All this raises another issue--are the Braves even my team anymore? All the guys I grew up cheering for, the guys I admired, are gone, save Smoltz. I recently moved to Arlington, VA, 700 miles from Atlanta. But it's not so much what I've done; it's what the players have done. They've started selling themselves to the highest bidder. Fans don't control the players anymore. Maybe we never did, but at least the players showed us respect. Now they couldn't care less for respect, but why should they when they're getting paid millions regardless of whether we like them or not?
It's possible I don't keep up with baseball as much as I used to, but I'm not so sure about that. I still watch it quite a bit, and I always keep up with the stats. I'm fascinated by statistics, and I'm not quite sure why. They're only numbers, and they're usually the same each year. I'd like to think it's not the numbers, but what they stand for.
For all the pitches fouled off, all the swings that slice air, all the balls low and away, one pitch on a full count can end all hope, that last pitch, a strike, taken, looking, that makes you 0-1 for the game, that makes your average dip .003 immediately, that makes your season average end up .003 percentage points short of the NL batting title for the 2007 season. But it's just one statistic. 0-1.
As baseball has died off as a sport and football has risen to the ranks of royalty, few baseball players are outstanding enough to catch the attention of the media, to make a splash in the human interest stories. Players like Andruw Jones are old news, a consistently good defensive player with only a semi-decent swing. Every now and then, he'll generate some hype with an incredible catch, but he'll always be overshadowed by the home runs and the 5-5 days of the guys who can hit.
In football, the Peyton Mannings, the LTs, and the Chad Johnsons--the guys who score, the guys on offense--make the highlight reel. Still, in football, defensive players can make a name for themselves, guys like Champ Bailey and Sean Merriman, and show up on TV quite often. Maybe baseball's sunk so low that defensive players aren't even in the ranks of the "almost" famous. Seriously, who's the second best defensive outfielder in the majors? Who even wins the gold glove awards these days?
It's sort of sad, the slow death of baseball and, now, the departure of Andruw Jones from the Atlanta Braves. I don't feel as if I'll miss him as a player, though, but I'll miss what he takes with him. See, he played for the Braves in the '90s with the likes of Glavine, Maddux, Smoltz, Klesko, Javy, Chipper, Wohlers, and Rocker. I miss that he'll take those memories that seem like family memories to me.
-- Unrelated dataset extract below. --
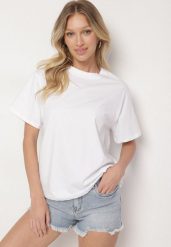 Biały Bawełniany Klasyczny T-shirt Kollira. Białe t-shirty Born2be, uniwersalny, bez wzorów, z bawełny, bez kołnierzyka, bez ramiączek. Za 49.99 zł.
He doesn't deserve them as much as I do.
He played pathetically all year long. He never came out of his slump. It was painful to watch him swing and miss so many times. Even batting in the 5 spot, he couldn't drive in 100 runs. Andruw undoubtedly played 2007 with 2008 on his mind. Unfortunately for him, 2008's going to be here soon, a lot sooner now that the Braves failed to make the playoffs. There isn't a single at bat left for him to improve his pitiful .222 average, an average that isn't going to impress a single team out there, certainly not the guy cutting the salary checks.
Maybe Andruw always failed when he felt pressured to do well, like in the postseasons. From '97 to '05, he never did surprisingly well in October, certainly not as well as we'd hoped he would when we saw him play in Greenville as a kid or the '96 Series as a rookie.
If there was a reason we didn't make the playoffs this year, it was him. All those strikeouts, all those double plays added up. No one on the Braves played as poorly as he did. Well, maybe Scott Thorman, but only by 2 points on the average. And when we start comparing Andruw Jones to Scott Thorman, it's time to say farewell, Andruw, and good riddance.